Writing in The Atlantic, Columbia University linguistics Professor John McWhorter reports that in a three-week period earlier this summer, he counted about 150 emailed messages from peers across the nation who expressed fear for their jobs and reputations for dissenting — even slightly — with progressive orthodoxies.
His piece offers several anecdotes, including these:
One professor notes, “Even with tenure and authority, I worry that students could file spurious Title IX complaints … or that students could boycott me or remove me as Chair.” I have no reason to suppose that he is being dramatic, because exactly this, he says, happened to his predecessor.
A statistics professor says: “I routinely discuss the fallacy of assuming that disparity implies discrimination, which is just a specific way of confusing correlation for causality. Frankly, I’m now somewhat afraid to broach these topics … since according to the new faith, disparity actually is conclusive evidence of discrimination.”
… an assistant professor reports having recently just survived an attack by a cadre of scholars who are “unspeakably mean and disingenuous once they have you in their sights,” regularly “mounting PR campaigns to get academics and grad students fired, removed from programs, expelled from scholarly groups, or simply to cease speaking.”
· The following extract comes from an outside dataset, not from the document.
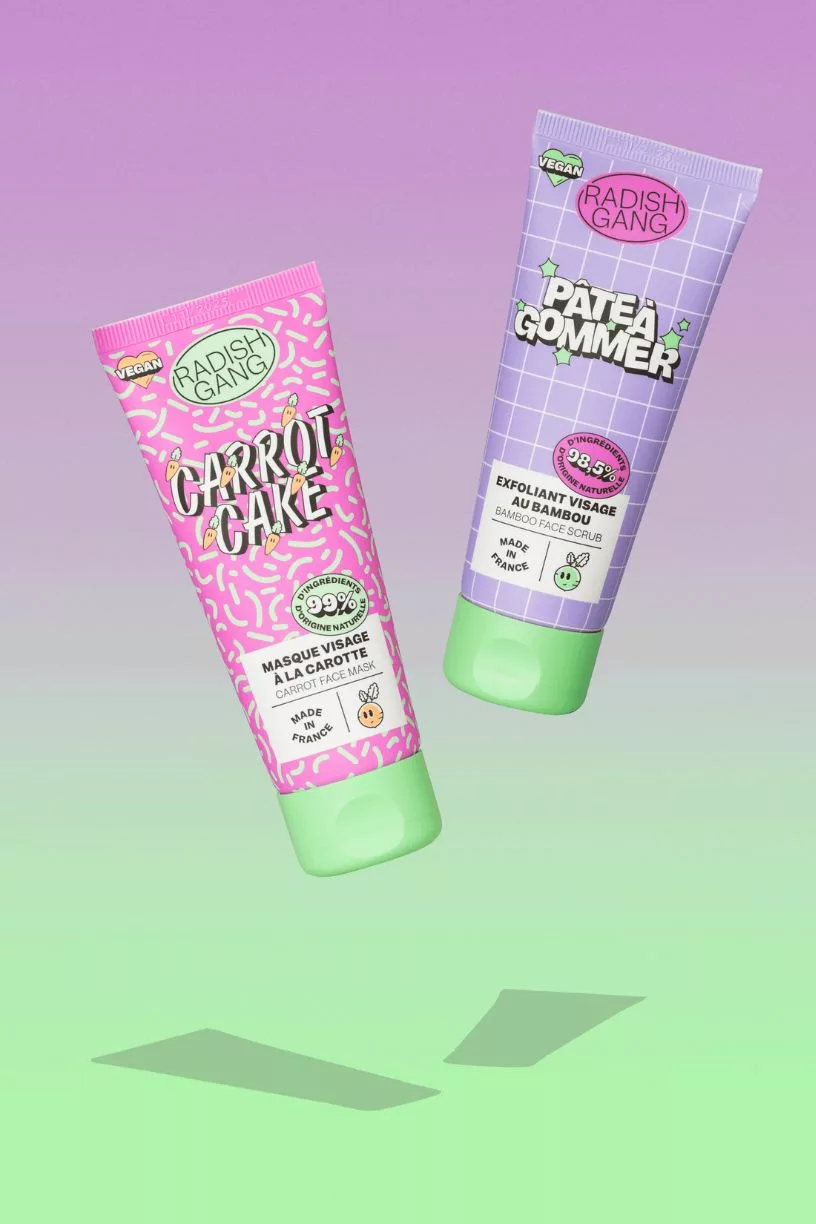 Double Crush - Radish Gang – Image 2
Being nonwhite leaves one protected in this environment only to the extent that one toes the ideological line. An assistant professor of color who cannot quite get with the program writes, “At the moment, I’m more anxious about this problem than anything else in my career,” noting that “the truth is that over the last few years, this new norm of intolerance and cult of social justice has marginalized me more than all racism I have ever faced in my life.” …
One professor committed the sin of “privileging the white male perspective” in giving a lecture on the philosophy of one of the Founding Fathers, even though Frederick Douglass sang that Founder’s praises. The administration tried to make him sit in a “listening circle,” in which his job was to stay silent while students explained how he had hurt them—in other words, a 21st-century-American version of a struggle session straight out of the Cultural Revolution.
McWhorter points out in his conclusion that these anecdotes are the tip of the iceberg:
… let’s face it: Half a dozen reports of teachers grading Black students more harshly than white students would be accepted by many as demonstrating a stain on our entire national fabric. These 150 missives stand as an articulate demonstration of something general—and deeply disturbing—as well.